Multiplication and division[edit]
To multiply, the significands are multiplied while the exponents are added, and the result is rounded and normalized.
e=3; s=4.734612
× e=5; s=5.417242
-----------------------
e=8; s=25.648538980104 (true product)
e=8; s=25.64854 (after rounding)
e=9; s=2.564854 (after normalization)
Similarly, division is accomplished by subtracting the divisor's exponent from the dividend's exponent, and dividing the dividend's significand by the divisor's significand.
Thank you for the info. The bulk of my calculations are done externally from the robot.
You have to be careful with doing math with mixed logic.

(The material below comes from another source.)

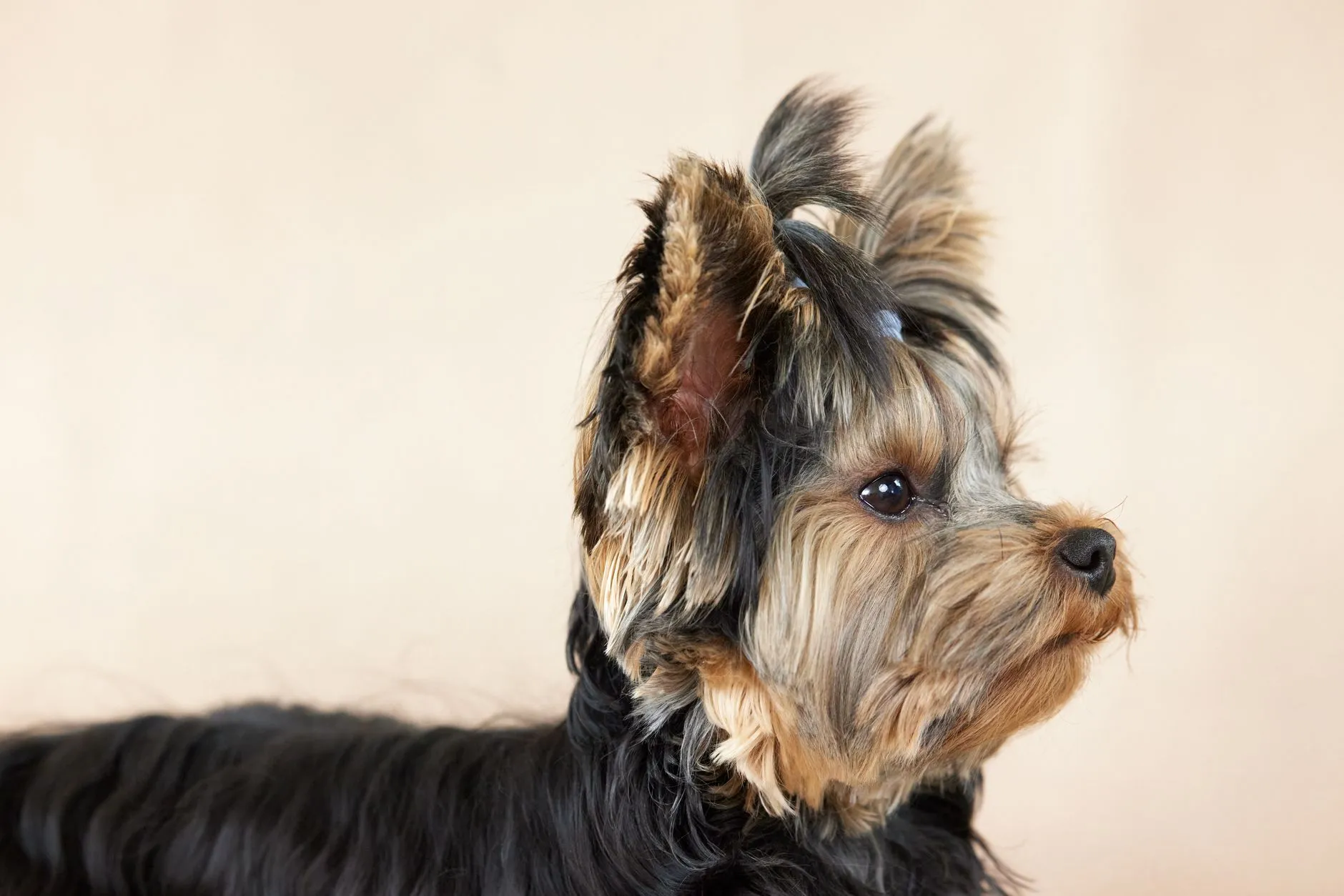 A Yorkshire Terrier puppy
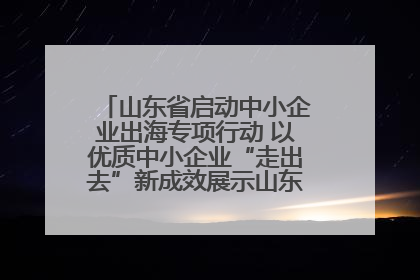 山东省启动中小企业出海专项行动 以优质中小企业“走出去”新成效展示山东产业发展新形象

Since the TPP shell has to convert the registers from INTEGERS to REALS on the fly, it does not always do it properly if you have a lot of nested logic. Memory allocation to a TPP program matters as well. If you write a program and it cant seem to do basic math correctly, reboot the robot and the compiler on the robot will recompile the program and re-instantiate the variables. you might notice this on changing the representation of positions from Cartesian to Joint. occasionally i will change the representation and the robot will throw up an alarm stating that there is not enough memory allocated to the kinematics to complete the operation and prompts me to reboot. once i do it works fine. I think this same thing happens with the math, but instead of prompting that there is a problem, it just tries its best. 8.10/02 had a big problem with doing that. i haven't seen it much since though.